* _Exercise instructions_: Down to the last line, set down the listing below exactly, apart from its pictures.

* _Dataset extract_:
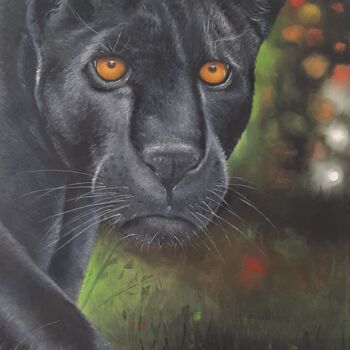 Painting titled "Panther" by Giovana Cesca, Original Artwork, Oil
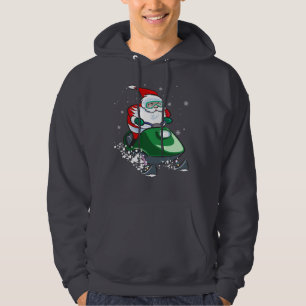 Moletom Papai noel em um Hoodie do Natal do Snowmobile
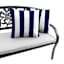 Providence Navy Blue Awning Stripe Oversized Square Outdoor Throw Pillow, 20"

* _Task result_:
 Painting titled "Panther" by Giovana Cesca, Original Artwork, Oil
 Moletom Papai noel em um Hoodie do Natal do Snowmobile
 Providence Navy Blue Awning Stripe Oversized Square Outdoor Throw Pillow, 20"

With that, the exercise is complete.